Use SOF to Query data from Single Directory

Requires Customer/Partner License
It will teach you how to setup SQL on Files, optimize SQL on Files performance using a single folder directory.
You will learn
  • How to define the database objects required to query structured data files.
  • How to add a data source for a single data file and query the output of that file.
rnagwekaRonit NagwekarNovember 21, 2022
Created by
rnagweka
August 8, 2022
Contributors
rnagweka

Prerequisites

Querying structured data files (CSV, ORC, Parquet) in a HANA Data Lake file container can be done using SQL on Files. Below you will find all of the steps required to start using SQL on Files.

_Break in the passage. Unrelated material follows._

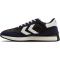 hummel Stadion 23 Sneaker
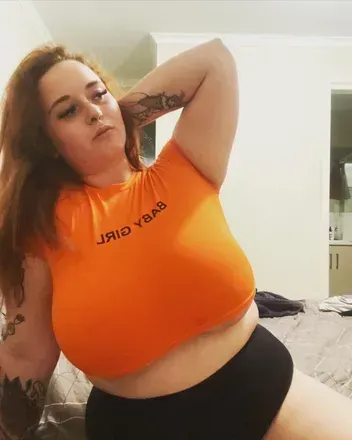 Cricket Rose (@miss.cricket-rose) OnlyFans profile photo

If you have not yet provisioned an SAP HANA data lake, here is a great tutorial on how to do so!

  • Step 1

    To start off with this Tutorial, you will need to connect to a SQL console connected directly with your SAP HANA Data Lake Instance. This can be done easily by clicking on the Actions tab of your Data Lake Instance from the BTP cockpit or Cloud Central and selecting Open in SAP HANA Database Explorer. That way you will be connected to the SQL console connected directly with your SAP HANA Data Lake Instance.

    Connect using HDLADMIN user and grant a database user the HDL_FILES_SERVICE_ADMIN role.

    SQL
    Copy
    CREATE USER SOF_USER IDENTIFIED BY Password1;
    
    GRANT ROLE HDL_FILES_SERVICE_ADMIN TO SOF_USER;
    
    GRANT ALTER ANY TABLE,
    CREATE ANY TABLE,
    DROP ANY TABLE,
    DELETE ANY TABLE,
    INSERT ANY TABLE,
    LOAD ANY TABLE TO SOF_USER WITH NO ADMIN OPTION;
    
    GRANT MANAGE ANY REMOTE SERVER TO SOF_USER WITH NO ADMIN OPTION;
    

    Now, Open a new SQL console and you need to add a new Database Connection of the USER we recently created in DBX, and login using the above created user SOF_USER credentials.

    From Database Explorer, right-click on your Data Lake Instance and select PROPERTIES. Copy the entire field of HOST and hit OK. Now in the DBX, click on the + symbol in the DBX. And from the dropdown under Database Type select Data Lake Relational Engine. Enter the copied value of Host now. Input the username as SOF_USER and Password as Password1 and check the box to save the password.

    Log in to complete tutorial
  • Step 2

    Now, let us open a new SQL console window and connect it with the new user SOF_USER to our HANA Data Lake Instance and create a SQL on files Remote Server.

    SQL
    Copy
    CREATE REMOTE SERVER MY_REMOTE_SERVER CLASS 'FILES_SERVICE' READ ONLY VALUE 'ON';
    
    Log in to complete tutorial
  • Step 3

    Next, we create a Schema in the Files Service. Creating a Schema adds a layer of security to who can access your SQL servers. A good schema design reduces database complexity and optimizes database query time.

    SQL
    Copy
    CREATE SCHEMA TPCH_SOF IN FILES_SERVICE;
    
    SCHEMA Screenshot from DBX

    This remote schema will contain a collection of Remote Tables, each of which must be associated with an existing Remote Schema.

    Create a SQL on Files Remote Table in Files service.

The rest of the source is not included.